Statehood Day (Bosnian: Dan državnosti, Дан државности) is a holiday celebrated in Bosnia and Herzegovina that occurs every year on 25 November. On that day in 1943, at the first session of the State Anti-fascist Council for the National Liberation of Bosnia and Herzegovina (ZAVNOBiH) in Mrkonjić Grad, the "Resolution of ZAVNOBiH" was adopted.

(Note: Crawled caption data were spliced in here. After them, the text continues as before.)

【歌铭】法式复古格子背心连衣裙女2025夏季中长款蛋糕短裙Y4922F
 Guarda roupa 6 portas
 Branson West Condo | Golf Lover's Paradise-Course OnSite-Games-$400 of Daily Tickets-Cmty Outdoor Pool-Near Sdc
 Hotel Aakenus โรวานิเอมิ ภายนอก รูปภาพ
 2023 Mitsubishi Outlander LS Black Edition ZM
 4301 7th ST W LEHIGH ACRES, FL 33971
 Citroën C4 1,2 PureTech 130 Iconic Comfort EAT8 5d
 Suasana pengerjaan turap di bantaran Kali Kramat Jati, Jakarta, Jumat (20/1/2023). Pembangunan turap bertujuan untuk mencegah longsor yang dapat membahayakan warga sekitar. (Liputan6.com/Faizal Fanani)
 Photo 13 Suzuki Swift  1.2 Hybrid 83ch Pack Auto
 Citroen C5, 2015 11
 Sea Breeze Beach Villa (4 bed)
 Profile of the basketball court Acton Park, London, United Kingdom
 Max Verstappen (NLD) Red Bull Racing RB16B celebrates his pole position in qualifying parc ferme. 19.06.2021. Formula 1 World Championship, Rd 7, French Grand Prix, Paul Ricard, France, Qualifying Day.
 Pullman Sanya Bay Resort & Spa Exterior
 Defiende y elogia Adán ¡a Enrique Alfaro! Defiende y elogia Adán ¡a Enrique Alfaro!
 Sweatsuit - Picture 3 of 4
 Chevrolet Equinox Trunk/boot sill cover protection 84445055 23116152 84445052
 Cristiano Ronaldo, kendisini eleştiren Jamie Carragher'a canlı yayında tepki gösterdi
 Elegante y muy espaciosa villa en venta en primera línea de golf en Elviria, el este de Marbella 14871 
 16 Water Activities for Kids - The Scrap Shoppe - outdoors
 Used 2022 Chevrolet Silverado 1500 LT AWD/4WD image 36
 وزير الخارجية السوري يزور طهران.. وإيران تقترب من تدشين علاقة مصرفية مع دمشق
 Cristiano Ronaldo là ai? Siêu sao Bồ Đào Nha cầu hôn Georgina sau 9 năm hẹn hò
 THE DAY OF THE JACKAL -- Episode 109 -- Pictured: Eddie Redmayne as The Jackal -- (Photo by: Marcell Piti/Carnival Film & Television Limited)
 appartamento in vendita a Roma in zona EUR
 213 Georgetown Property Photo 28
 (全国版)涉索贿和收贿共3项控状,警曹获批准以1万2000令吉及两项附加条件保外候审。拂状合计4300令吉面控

The resolution expressed the determination of the peoples of Bosnia and Herzegovina that their country shall be a brotherly community in which full equality of all its nationalities was to be ensured, that their republic was to be on equal footing with other republics in the Yugoslav federation, and that Bosnia and Herzegovina would reclaim its historical borders.

== History ==
The Law on the Proclamation of 25 November as the Statehood Day of the former Republic of Bosnia and Herzegovina (Official Gazette of R B&H, No. 9/95) stipulates that November 25 is Bosnia and Herzegovina's Statehood Day but this directive is, in practice, ignored by the authorities in the Republika Srpska entity.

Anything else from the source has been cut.